What is a Mood Board?
When beginning a project, I have become more and more appreciative of the process of creating a mood board, or series of mood boards, for myself and my client. “Mood Boards” are not just collages that contestants on Project Runway make; they are a really useful & fun way to begin any creative project. If you use Pinterest, than you probably already understand the basic concept of mood boards. A mood board is essentially a number of images ,within a particular subject, that you find captivating. Where Pinterest falls short though, is that on Pinterest you are collecting images over a long stretch of time and then you “pin” them onto vaguely defined boards. There is also something really sad about the padded space between the images. Personally, I love creating a cluster of images that may not look like they have anything in common to somebody else, but they make complete sense to my senses.

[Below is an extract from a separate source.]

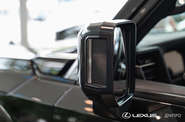 Lexus GX Premium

Using Mood Boards for Projects
As a freelance & full-time graphic designer, I accept a wide range of projects from a wide scope of clients. When I first began working, I felt very proud of my style and would often assume that my client would love anything/everything I created. This is not only an arrogant approach to working but it is also a quick way to pigeon-hole oneself into a specific style. Though it can be a bit uncomfortable, it is very important for a designer to take the time to try to really understand their client’s needs. Some of my best work was created when I resisted jumping into sketching/designing and I took the time to think about the client, think about the product, and really imagine who would be seeing it and how/where it would be used.
*Warning* I am about describe my thought-process and approach to the first steps of a design project. I am not much of a writer, and I have never tried to articulate this process before. I sincerely apologize if you feel dizzy after reading this.
After initial research and preliminary discussions with my client I will begin forming 3 distinct “feelings” to be captured onto 3 distinct boards. I will then search the web, magazines, and references to anything that also provokes the intended feeling. For each “feeling” I create a board. I develop each board until I feel satisfied and then I sit back and asses: “If this board were a person, what would they be like? A high-power business man? A girl who dresses like Zooey Deschanel?” “What typefaces would suit this board? Helvetica, Georgia, Curlz?”
These questions may seem a bit silly, but they can save you a lot of time and your client a lot of money (depending on how good you are at negotiating ). After I have developed 3 refined boards I send them to my client and ask for their feedback. Because each board has been created with images that I am instinctively attracted to, I am typically really happy with any choice they make. It is every designers dream to feel like they are creating something they love and something their client loves. I truly believe finding a shared visual direction is the first step to this success.
If you are in a creative field or do anything creative in your spare time, from poster design to re-decorating your bathroom, I would suggest investing in a bit of quality time with a few magazines, your scissors and a glue stick and start making your own boards.